We asked Kowalsky about the corporate-campus vertical market, inquiring about how broader trends that are currently shaping the commercial AV space are trickling down to workplace environments. “I would say more and more of our customers have begun to utilize their spaces as a venue for customer experiences, rather than just [as] a place where workers can be productive,” he explained. Kowalsky added that installed AV technology could be a key factor in creating and sustaining those experiences.
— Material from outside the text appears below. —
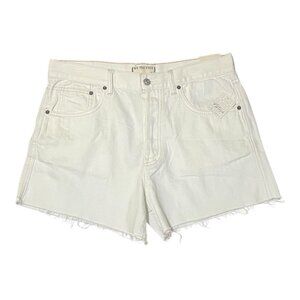 We The Free People Womens White Cutoff Shorts Button Fly Denim NWT Size 31 NWT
When asked about technologies that RED THREAD and its clients are really coming to embrace, Kowalsky did not hesitate to bring up one of the biggest buzzwords in our industry: AVoIP. “Most recently,” he began, “we have been designing and deploying a fair amount of AVoIP systems—both localized [ones] and [those] living on the customer’s network.” Kowalsky noted that, although the ascendance of AVoIP hasn’t necessarily made things easier for RED THREAD, “It has enhanced our ability to provide a solution that works for some of our customers. It has also challenged our folks [to step] outside of their comfort zone.” As has been covered extensively in both Sound & Communications and IT/AV Report in recent issues, the dividing line between AV professionals and IT professionals has largely disappeared, meaning practitioners in our industry have to be fully conversant in the language of the network.
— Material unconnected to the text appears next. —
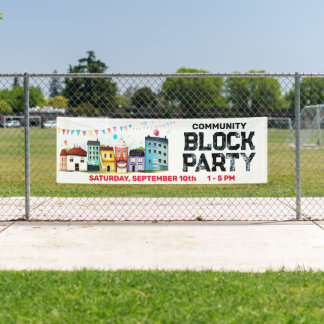 Banner zum Party von Nachbarschaftsblöcken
Although much of RED THREAD’s success is attributable to its own internal resources, Kowalsky was quick to give credit to USAV Group (www.usavgroup.net)—a nationwide network of commercial AV specialists—for the value it provides. “We are a member of USAV Group,” he affirmed, “[and it] provides opportunities for integrators outside of their typical business plans. [The group offers] support and, in some cases, buying power.”
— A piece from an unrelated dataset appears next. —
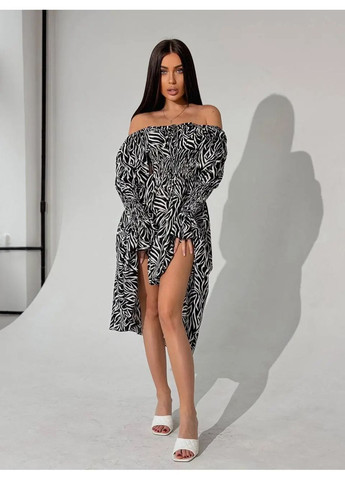 Чорно-білий cукня міді з принтом біла квітка на зеленому No Brand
Asked for closing thoughts, Kowalsky underscored RED THREAD’s customer focus and organizational nimbleness. “Our business is unique,” he said, “in that we leverage relationships from other business segments within our organization to provide the technology that fits our customers’ needs.” He described the company’s transition from being “a furniture company that does AV” to what he called “the best option for technology in the northeast,” an opinion, he quipped with a chuckle, that was totally unbiased.

Conclusion

Even as some economists forecast a recession somewhere on the horizon—it appears that the 2010s will be the first decade without a recession in the US since the 1800s—the commercial AV industry shows no signs of slowing down; in fact, on the contrary, growth estimates are being upwardly revised. Many factors (technological, vertical market-driven and geographical) are contributing to our industry’s strength, but, irrespective of the causes, there is good reason to remain optimistic about AV integrators’ ability to earn a great living by delivering exceptional experiences.